For that reason, I will be setting aside the Friday before each Memorial Day, starting this day, as my own personal Atonement Friday.  For the past fifteen years, men and women of my generation, my fellow citizens, my American brothers and sisters, have died in wars while I continued to live and grow.  That is shameful, and the least I can do is set aside one day of the year to reflect upon this question:  Did I do enough, did I harness enough of my still-existing First Amendment freedoms to stop this exploitive system from devouring the lives of men and women from my generation, and now, fifteen years on, the new generation?

When an 18-year-old young man walks into an Army or Marines recruiting station today, signing over his life to be killed or maimed in war that the vast majority of American men and women want nothing to do with, as undeniably proven by their refusal to enlist, I must reflect upon the chilling reality that when these post-9/11 wars began, that young man, now eighteen, was a three-year-old.  What did I do then, when he was three, and in the ensuing years, to ensure that he would never grow up to become a man with such a low threshold for the taking of human life, his own and his fellow human beings in foreign lands?

President Obama, as leader of the nation, and inheriting a morally corrupt military system that came into existence long before he assumed office, may not be able or willing to publicly call upon the American people to atone for the war crimes of our own time: above all, the crime of using money and instant social stature to entice financially and emotionally vulnerable young adults into fighting wars in the name of the entire nation, as the rest of us play golf and download our new apps.  But today,Friday, May 27, 2016, he has created the emotional space for all of us to put down the blinders of cheap and idolatrous nationalism, and to pray for the moral enlightenment necessary to end the sin of unjust war, of which a pay-incentivized soldiery is its most basic staple.

I will continue to take time out each Memorial Day to remember all of our fellow citizens, past generations and our own, who have died in the nation’s wars.  But 2016 is not 1945.  The U.S. military system that once toppled Nazi Germany is surely not the same U.S. military system that helped midwife ISIS into existence.  The American men of 1945 – those who saw the battlefields in Europe and the Pacific along with those who did not – are not the same post-Schwarzeneggar, post-Stallone, post-violence-glorifying video game men from this generation; men whose distorted, caricatured notions of masculinity have created the very seedbed for the pointless, immoral “you die, and we’ll clap” wars in the name of our country.  It makes zero sense to abide by that vast moral grey zone between 1945 and 2016: a grey zone gladly, earnestly foisted upon us by the military-industrial-congressional complex.
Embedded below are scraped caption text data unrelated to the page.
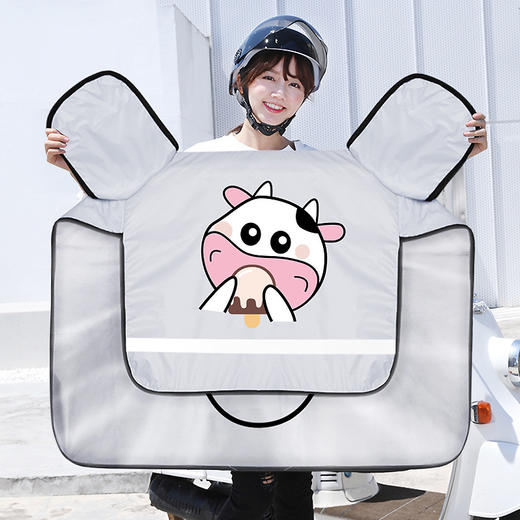 【日用百货】夏季防晒遮阳防水电动车挡风被 商品图1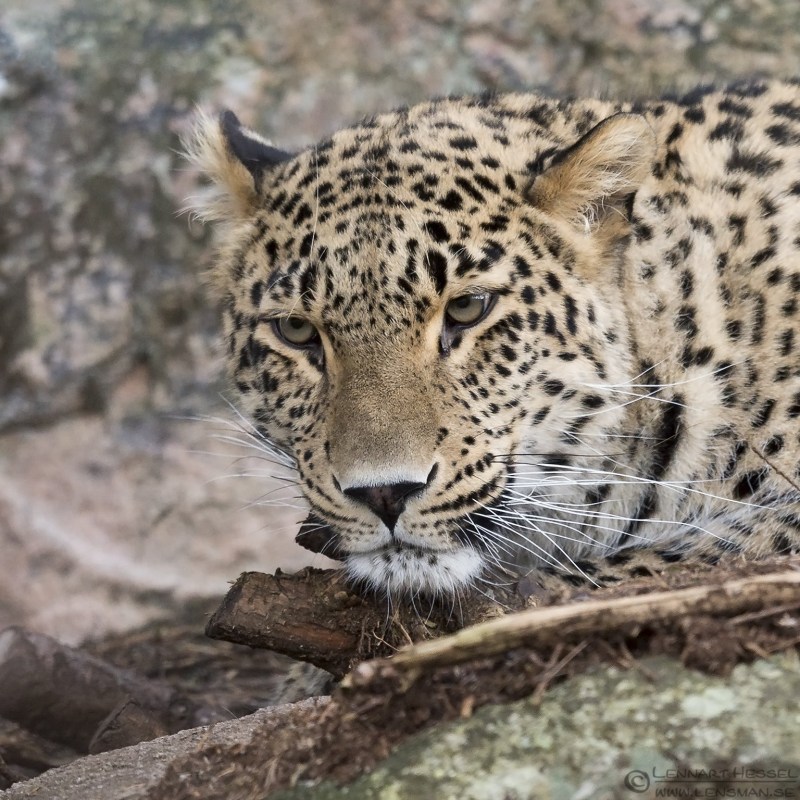 Переднеазиатский леопард (Panthera pardus ciscaucasica)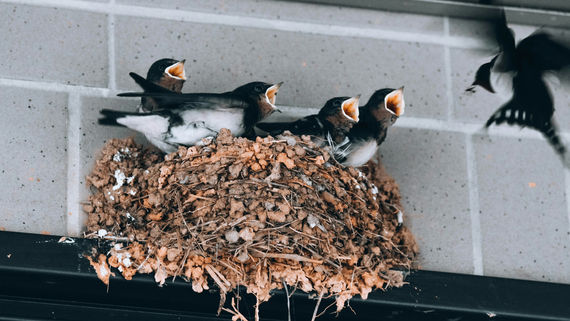 A nest of swallows being fed by an adult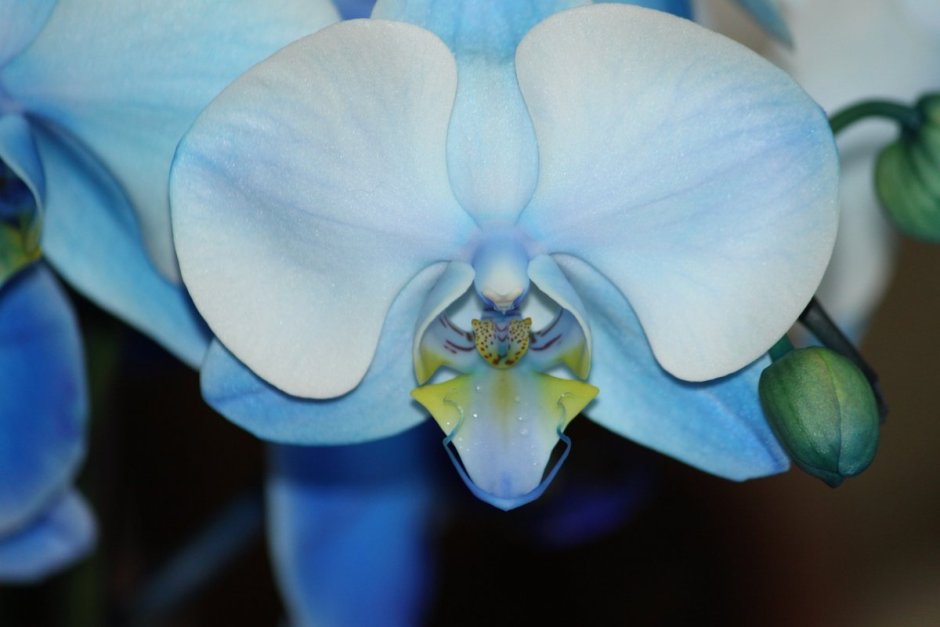 Голубая Орхидея сенсейшен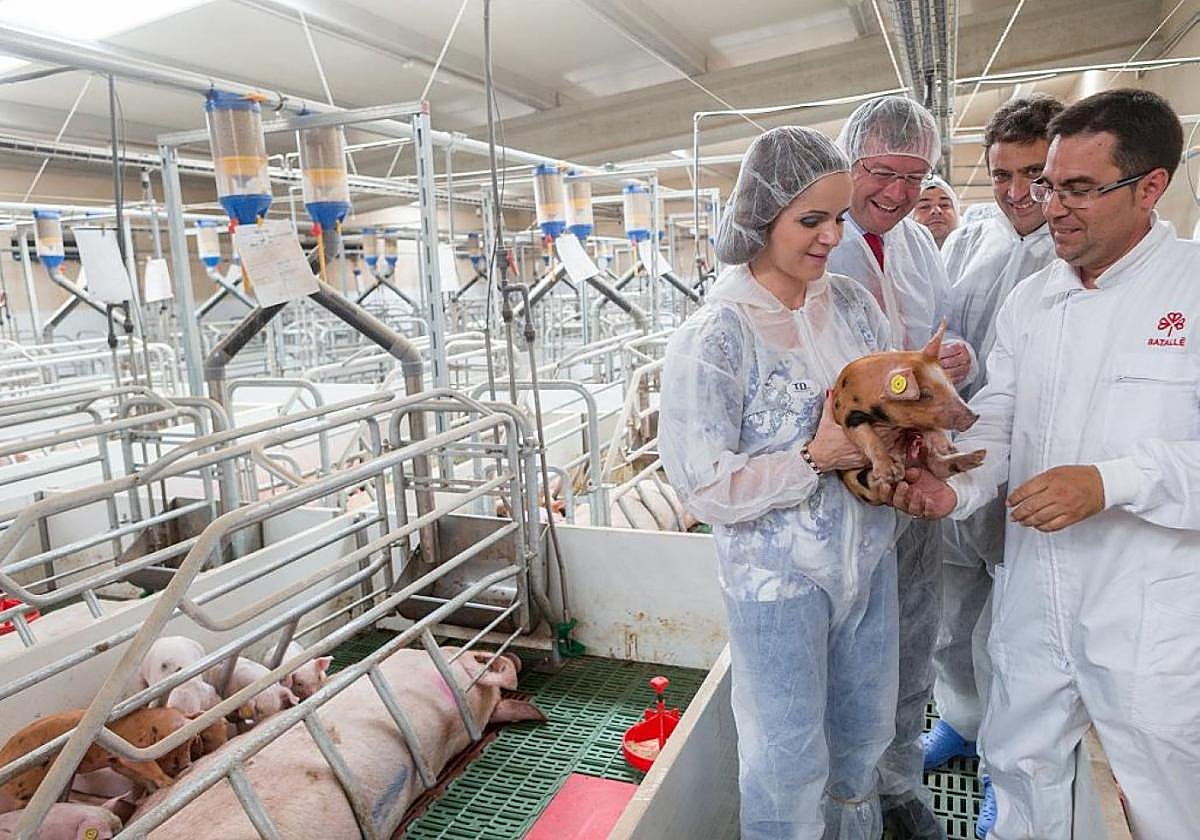 Rigor. Máxima asepsia en una granja de reproducción de cerdos. La bioseguridad es pauta común en todas las instalaciones del sector en España.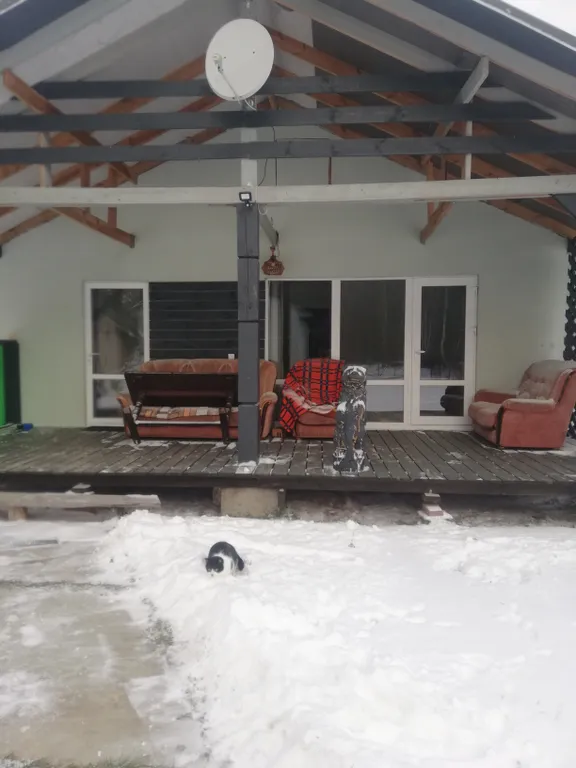 Коттедж Дом в лесу с баней — аренда посуточно в Брест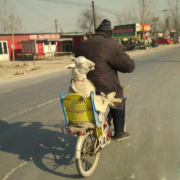 天气不错，带我的宝贝溜溜弯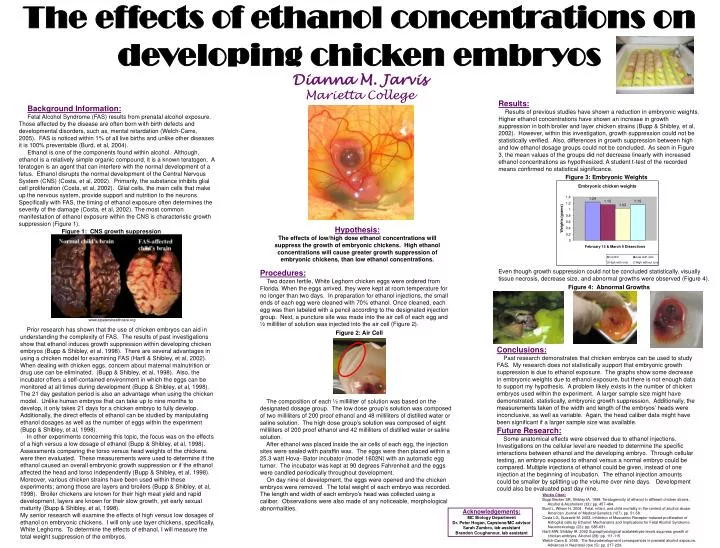 the effects of ethanol concentrations on developing chicken embryos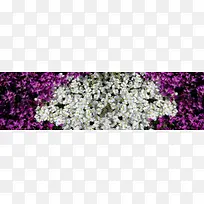 ��ɫ����-������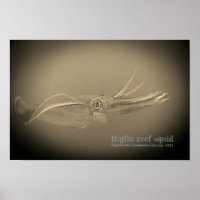 calamar de arrecife de grano, Sepioteuthis lessoni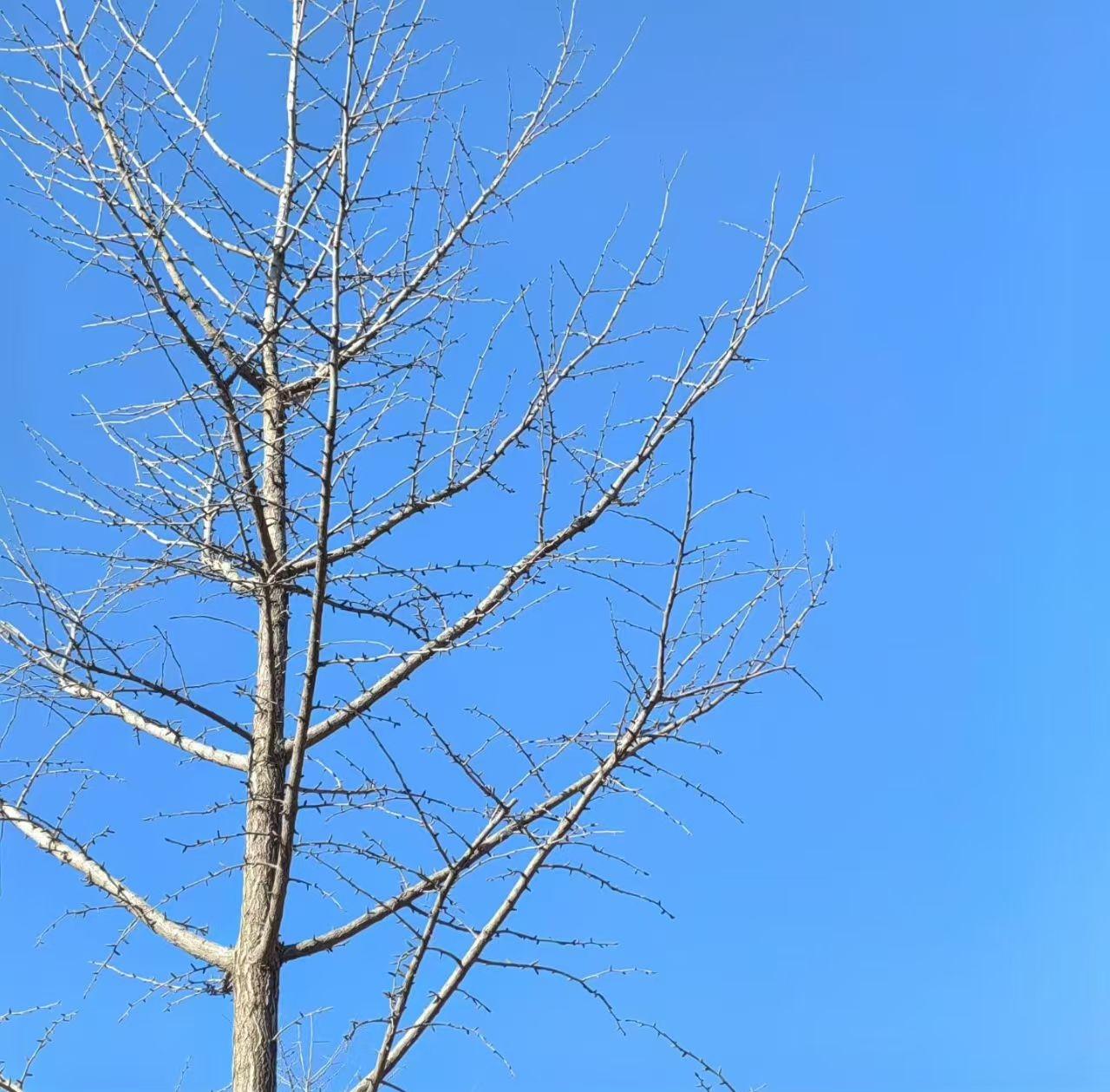 今天天真好，蓝蓝的天，阳光明媚的一天，就是风有些大，我迎着大风，出去寻找营业厅，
The reality is that life and the stain of human sin – so easily concealed in red, white and blue – are too complex to tolerate any grey or blurred lines between just wars, built on shared risk, and unjust wars that simply exploit the most financially and emotionally vulnerable among us, built and sustained as they are by the collective cowardice and silent acquiescence of the rest of us.

Though there is much to critique in President Obama’s presidency, he is, simply as a human being, an extraordinary man.  He is a space creator - an emotional space creator, that is.  And with his speech in Hiroshima today, he has arguably created the space to henceforth designate the Friday before every Memorial Day Monday as National Atonement Day.

We need it.  And for that alone, I thank him.